Comment 3 Yann Ylavic 2014-06-19 12:17:12 UTC
Maybe the following path can help?

Index: server/mpm/event/event.c
===================================================================
--- server/mpm/event/event.c	(revision 1603193)
+++ server/mpm/event/event.c	(working copy)
@@ -1975,7 +1975,9 @@ static void * APR_THREAD_FUNC listener_thread(apr_
                 int i = 0;
                 socket_callback_baton_t *baton = (socket_callback_baton_t *) pt->baton;
                 if (baton->cancel_event) {
+                    apr_thread_mutex_lock(g_timer_skiplist_mtx);
                     baton->cancel_event->canceled = 1;
+                    apr_thread_mutex_unlock(g_timer_skiplist_mtx);
                 }
 
                 /* We only signal once per N sockets with this baton */
--

There seem to be a race between the cancellation check and set.
Comment 4 Yann Ylavic 2014-06-19 12:20:39 UTC
(In reply to Yann Ylavic from comment #3)
> There seem to be a race between the cancellation check and set.

Hmm, these are in the same thread, sorry for the noise.
Comment 5 Takashi Sato 2014-06-19 12:51:10 UTC
(In reply to Takashi Sato from comment #2)
> (In reply to Eric Covener from comment #1)
> > I notice there is no checking of the return code for lock/unlock of those
> > mutexes.

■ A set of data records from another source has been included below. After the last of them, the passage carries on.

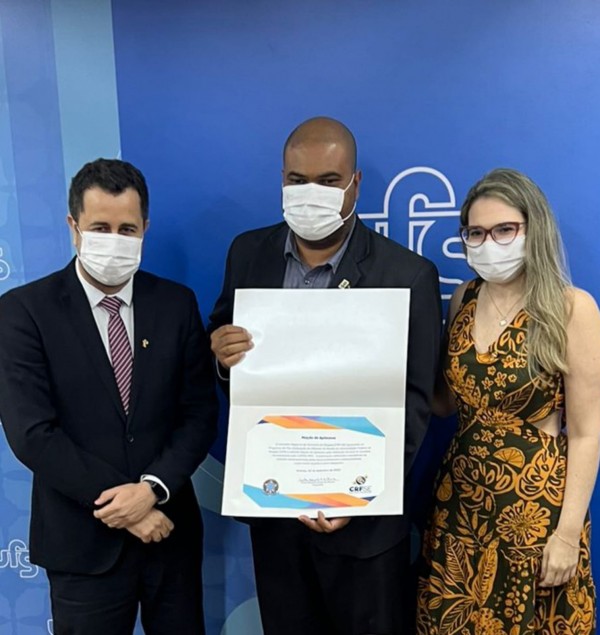 CRF/SE concede Moção de Aplausos a Programa de Pós-Graduação da UFS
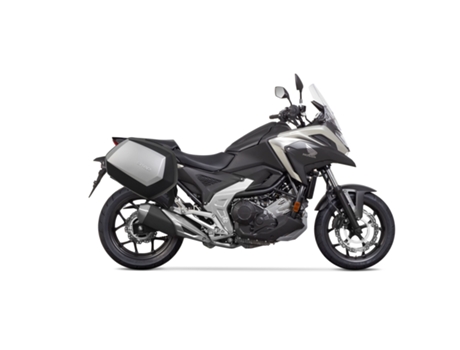 Soporte lateral de la maleta SHAD 3P System Honda Nc750x
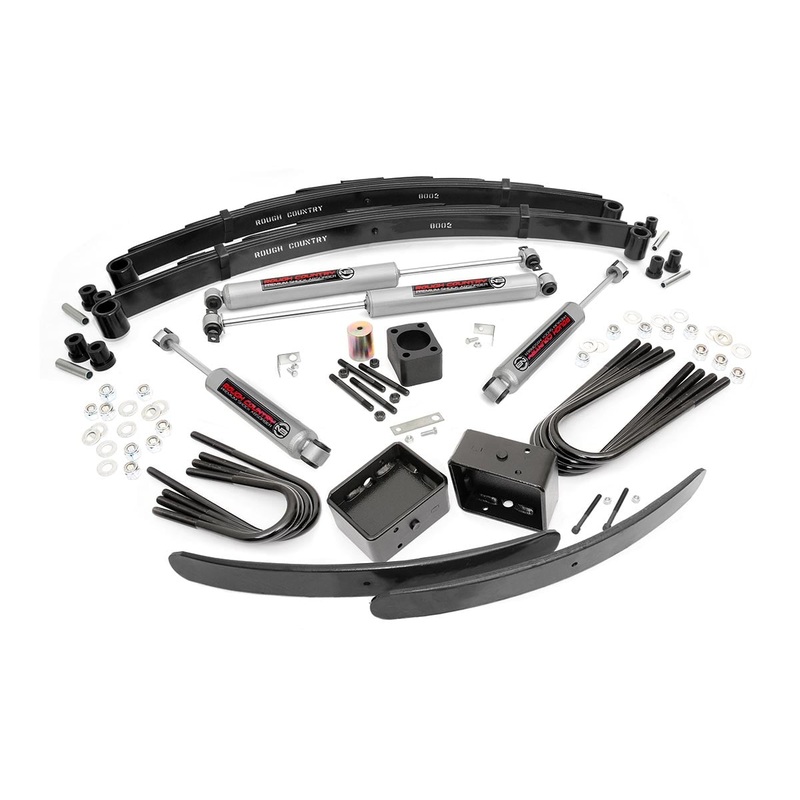 Rough Country | 6 Inch Lift Kit | Rear Blocks | Chevy/GMC C30/K30 C35/K35 Truck 4WD (77-87) | 251.20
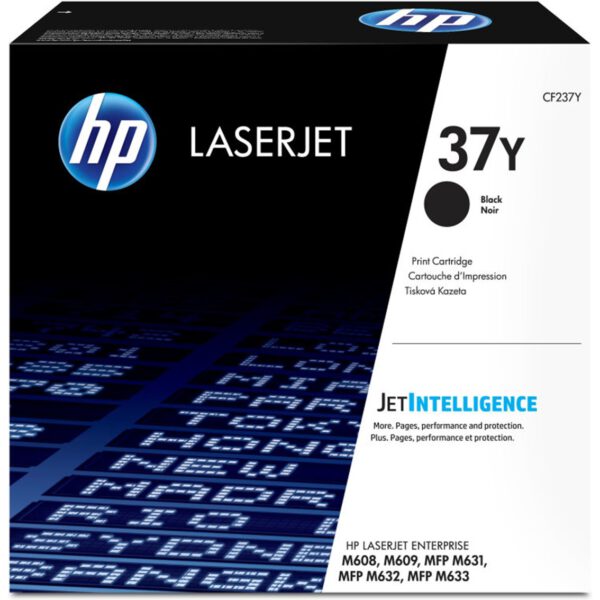 *Toner hp 37y negro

They could be failing
> 
> OK, I try to put trace logs to log whether lock/unlock success or not.

I tried. lock/unlock succeed...

Then, I tried to migrate apr_skiplist to apr_array, then works fine (of cource performance is bad and may have memory leaks)!
It seems apr_skiplist has some bug.
Comment 6 Eric Covener 2014-06-19 12:53:44 UTC
(In reply to Takashi Sato from comment #5)
> (In reply to Takashi Sato from comment #2)
> > (In reply to Eric Covener from comment #1)
> > > I notice there is no checking of the return code for lock/unlock of those
> > > mutexes. They could be failing
> > 
> > OK, I try to put trace logs to log whether lock/unlock success or not.
> 
> I tried. lock/unlock succeed...
> 
> Then, I tried to migrate apr_skiplist to apr_array, then works fine (of
> cource performance is bad and may have memory leaks)!
> It seems apr_skiplist has some bug.

You might try Yanns patch. I don't know anything about the skiplist impl, but I don't know what might get moved while other threads add/remove unrelated entries.  In that case, his lock would unfortunately be required.
Comment 7 Takashi Sato 2014-06-19 12:54:12 UTC
Created attachment 31733 [details]
patch for debug (event MPM using apr_array for timer list)
Comment 8 Takashi Sato 2014-06-21 06:51:47 UTC
I observed apr_skiplist corruption, so I have annalyzed apr_skiplist, and found the bug 56654.
With 56654 fixed APR, I don't see any infinite loop.

I don't think Yann's patch.
baton->cancel_event->canceled does not affect any for timer_skiplist.